Furthermore, interactions with smart contracts on other platforms often require immersion-breaking prompts for use authorization. When the front-end of a psibase app interacts with its own blockchain service, it should not prompt for user authorization. This allows for greater immersion than other decentralized app architectures.
Upgradeability
Maximizing protocol implementation stored in chain state allows for the chain synchronization capabilities to be used even to update itself and its own protocol (goal #3). Unlike other architectures where minor protocol updates require complicated coordination between node operators, psibase networks are able to easily upgrade the protocol to fix bugs or make improvements.
Application upgradeability is functionally always available on a network. Some networks attempt to make applications immutable by default, which simply results in convoluted upgrade techniques such as proxy contracts. Therefore the psibase blockchain by default allows apps to upgrade.
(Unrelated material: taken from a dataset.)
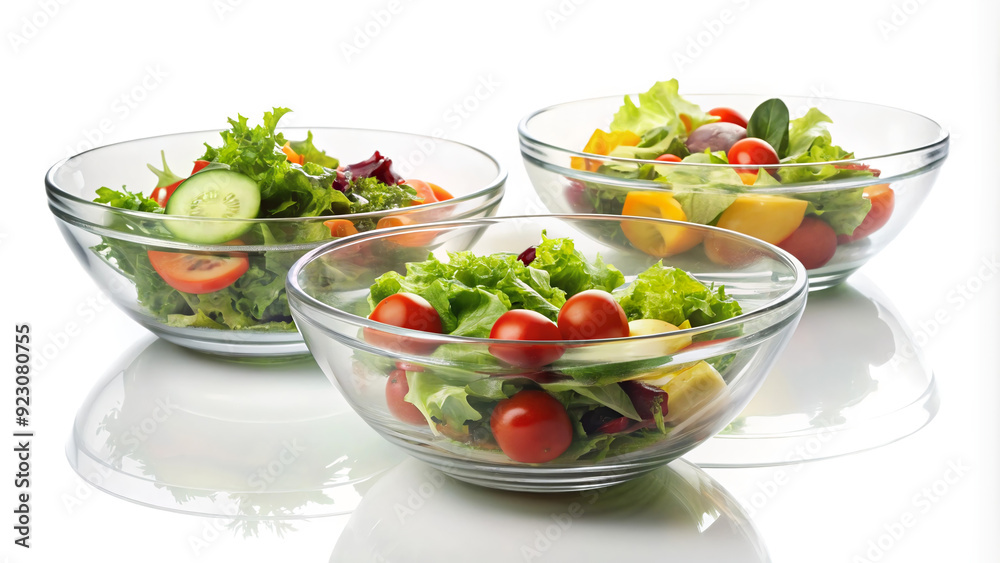 Fresh Salad in Glass Bowls: A vibrant and healthy salad with fresh lettuce, tomatoes, and olives is served in elegant glass bowls. Perfect for showcasing healthy eating and a vibrant lifestyle. Fresh Salad in Glass Bowls: A vibrant and healthy salad with fresh lettuce, tomatoes, and olives is served in elegant glass bowls. Perfect for showcasing healthy eating and a vibrant lifestyle.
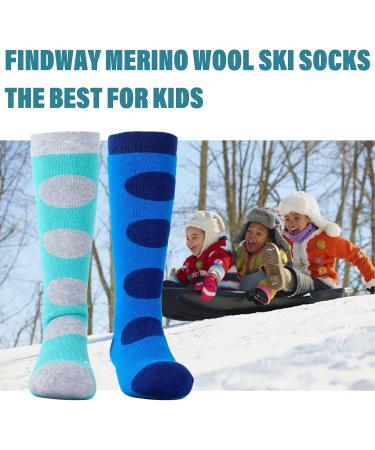 Findway 2 Couple Merino Wool Ski Socks - Unisex Thermal Winter Socks for Kids (30-36) - Breathable Snowboard Socks for Girls & Boys - Blue-Green/Blue - Buy Online on GoSupps.com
If immutability is important to a community, then developers are able to manually permanently lock their apps.
Social consensus
Technical blockchain consensus is always downstream of social consensus. There always exist desireable features of a network (expectations, cultural norms, etc.) that are unable to be deterministically verified and are therefore unable to be deterministically enforced. This implies that networks must plan to be able to reach consensus on subjective matters in order to maintain the values that matter to them. Unspecified "off-chain" consensus is not a plan and will result in covert control and increased dependence.
The psibase blockchain protocol defines a mechanism by which a community can use psibase as a tool for measuring social consensus. This allows it to be a social consensus process, rather than a technical consensus process (as in traditional Proof of Work or Proof of Stake consensus), which provides the security guarantees for the network. This innovation in social consensus allows for even very small communities to enjoy extremely high levels of security and independence.
Philosophy
The psibase protocol is less philosophically motivated by architectural decentralization than it is by political decentralization (definitions). Psibase attempts to maximize the independence of communities that use its infrastructure, which is why it enables hosting the full application stack, eliminating points of political centralization related to serving front-end that exist elsewhere.
Psibase is less philosophically motivated by interoperability with other networks than it is about creating its own independently flourishing ecosystem.
Reference implementation
The reference implementation of this blockchain protocol, including reference implementations of the necessary WebAssembly components and associated front-end applications, can be found in the psibase repository here.